EXERCISE
Return the run of lines below that opens with the line containing "#����� ��Ʈ 123617560-4 �� 3.5cm" and closes with the line containing "Holiday Inn Express", keeping each one exact.

[Opening DATA FOR REVIEW section]

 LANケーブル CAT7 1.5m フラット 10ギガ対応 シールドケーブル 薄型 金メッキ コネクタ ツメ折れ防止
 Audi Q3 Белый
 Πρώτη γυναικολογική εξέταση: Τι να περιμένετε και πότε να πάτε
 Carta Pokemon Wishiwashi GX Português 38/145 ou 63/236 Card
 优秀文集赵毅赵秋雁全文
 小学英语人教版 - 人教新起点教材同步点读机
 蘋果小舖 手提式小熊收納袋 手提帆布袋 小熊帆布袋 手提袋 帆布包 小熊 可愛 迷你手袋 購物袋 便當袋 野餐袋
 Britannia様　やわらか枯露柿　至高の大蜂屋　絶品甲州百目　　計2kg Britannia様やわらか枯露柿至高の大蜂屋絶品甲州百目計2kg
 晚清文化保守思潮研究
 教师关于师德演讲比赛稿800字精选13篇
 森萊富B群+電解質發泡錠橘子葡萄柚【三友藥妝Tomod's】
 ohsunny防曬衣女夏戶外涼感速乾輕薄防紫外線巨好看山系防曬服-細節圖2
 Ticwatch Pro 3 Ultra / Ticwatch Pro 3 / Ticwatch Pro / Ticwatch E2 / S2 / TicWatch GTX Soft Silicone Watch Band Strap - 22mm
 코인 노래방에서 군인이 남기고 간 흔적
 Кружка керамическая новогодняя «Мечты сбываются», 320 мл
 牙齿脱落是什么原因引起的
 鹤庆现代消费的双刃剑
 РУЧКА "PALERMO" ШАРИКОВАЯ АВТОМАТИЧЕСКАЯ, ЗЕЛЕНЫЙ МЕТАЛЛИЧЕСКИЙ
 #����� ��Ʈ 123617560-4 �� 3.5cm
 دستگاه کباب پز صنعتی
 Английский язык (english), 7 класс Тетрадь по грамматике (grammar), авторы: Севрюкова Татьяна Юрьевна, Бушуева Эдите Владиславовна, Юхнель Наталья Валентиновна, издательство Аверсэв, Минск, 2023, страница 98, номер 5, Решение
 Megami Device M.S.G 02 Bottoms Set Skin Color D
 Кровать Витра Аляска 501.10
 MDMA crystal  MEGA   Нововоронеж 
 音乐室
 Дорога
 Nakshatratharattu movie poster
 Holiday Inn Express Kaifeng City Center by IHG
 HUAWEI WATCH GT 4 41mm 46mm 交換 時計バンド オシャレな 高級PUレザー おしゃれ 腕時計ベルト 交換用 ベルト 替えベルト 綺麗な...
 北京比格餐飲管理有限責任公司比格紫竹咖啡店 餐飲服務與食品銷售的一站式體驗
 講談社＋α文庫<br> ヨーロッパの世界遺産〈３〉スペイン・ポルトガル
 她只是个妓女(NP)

[Closing DATA FOR REVIEW section]

ANSWER FOR THIS EXERCISE
 #����� ��Ʈ 123617560-4 �� 3.5cm
 دستگاه کباب پز صنعتی
 Английский язык (english), 7 класс Тетрадь по грамматике (grammar), авторы: Севрюкова Татьяна Юрьевна, Бушуева Эдите Владиславовна, Юхнель Наталья Валентиновна, издательство Аверсэв, Минск, 2023, страница 98, номер 5, Решение
 Megami Device M.S.G 02 Bottoms Set Skin Color D
 Кровать Витра Аляска 501.10
 MDMA crystal  MEGA   Нововоронеж 
 音乐室
 Дорога
 Nakshatratharattu movie poster
 Holiday Inn Express Kaifeng City Center by IHG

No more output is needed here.